The return-to-normal dictate was reinforced by the board’s position that if campuses switch to all-remote learning, tuition and fees will not be changed or refunded. In addition, campuses cannot expect increased aid to cover their pandemic related losses. The board has asked all chancellors to submit contingency plans for how their campuses would operate if their budgets are cut up to 50 percent.

Now the pressure turns to Berger, the Board of Governors and UNC System President Peter Hans about what should be done as COVID cases arise on the system’s other campuses. Some may safely stay open if the incidence is low, but the decision should be made by campus leaders. It shouldn’t be shaped by the Board of Governors members or legislators trying to downplay a public health crisis created by Trump’s botched handling of the pandemic.

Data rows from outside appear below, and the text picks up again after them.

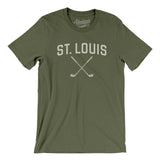 St. Louis Golf Men/Unisex T-Shirt-Military Green-Allegiant Goods Co. Vintage Sports Apparel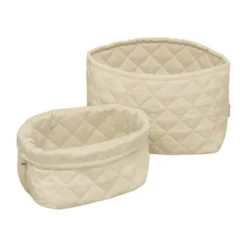 Cam Cam Quilted Opbergmandjes - Praline - 2 Stuks
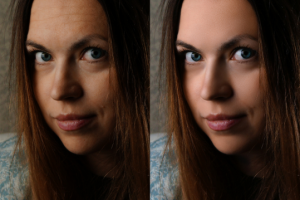 быстрая ретушь женского портрета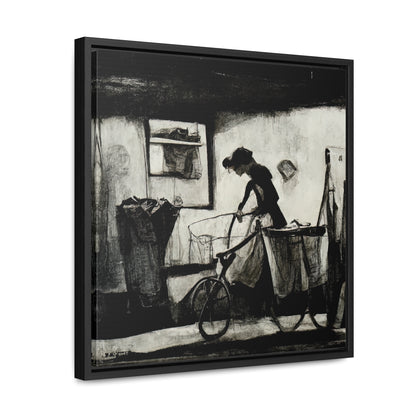 Domestic Memories 28, Valentinii, Gallery Canvas Wraps, Square Frame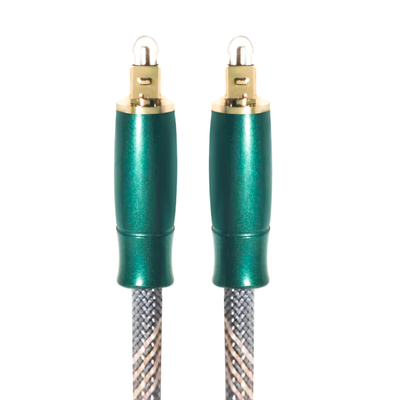 Toslink Optical Digital Cable Πλεκτό σχοινί επιχρυσωμένο 4K Connecottr υψηλής ποιότητας ήχου HiFi 1,2M 2M για ενισχυτή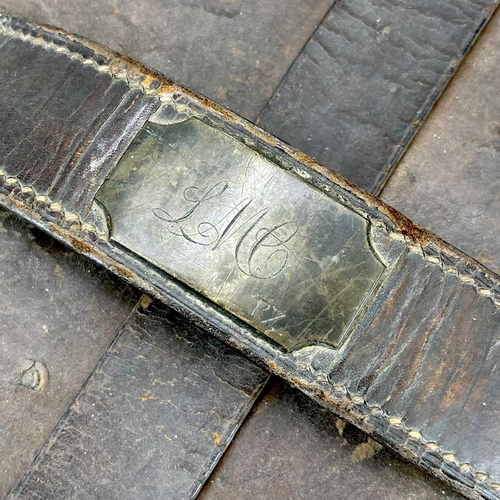 168 - A Victorian top hat, labelled for 'H.Smith, Hatter, Penzance', in leather case.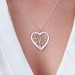 Heart Family Tree Necklace With Diamonds
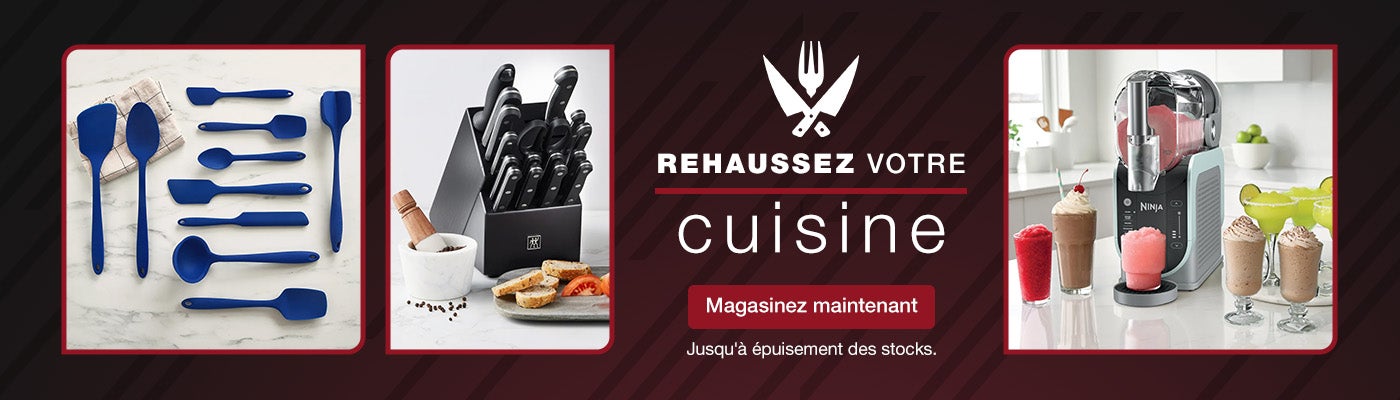 Rehaussez votre cuisine. Jusqu'à épuisement des stocks. Magasinez maintenant.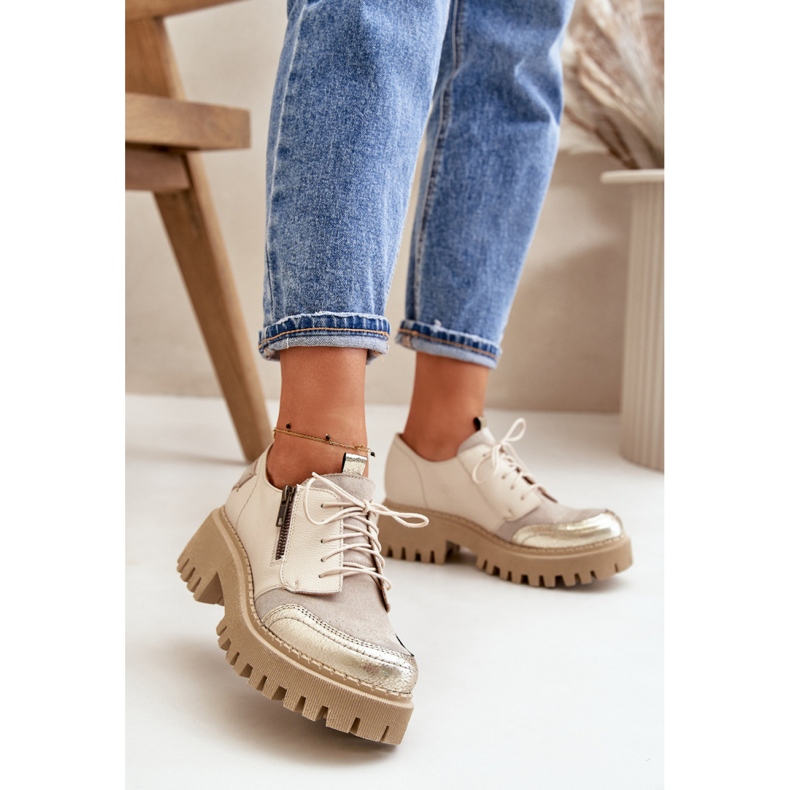 Scarpe eleganti da donna Maciejka Beige 1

As testing reveals COVID infections on other campuses, it’s essential that the emphasis be on transparency. Students, faculty, staff and parents should be told the extent of infections, and what is being done to contain the spread. The issue of refunds for housing, tuition and other costs also needs to be reconsidered.

In his “60 Minutes” interview, the chancellor anticipated the exit he took Monday. “We’ll look for clusters,” he said. “If there was a cluster of positive cases, that would potentially create an off ramp for us and we could pivot back to a remote learning environment.”

So he pivoted. But not before parents were put through bringing their children to campus only to have them return a week later.

Meanwhile, even with UNC-CH’s residence halls becoming largely empty, thousands of students are living off-campus and now unable to break their leases. Those students will stay in the Chapel Hill area. If their social activities continue to spread the virus, local residents will face a growing risk. Other UNC campus towns may soon have the same concern.

The decision to abandon in-person instruction at Chapel Hill was embarrassing, but necessary. The confusion and bitterness it has caused is yet another example of how the politicization of the state’s university system has put ideology ahead of its mission to serve all of North Carolina.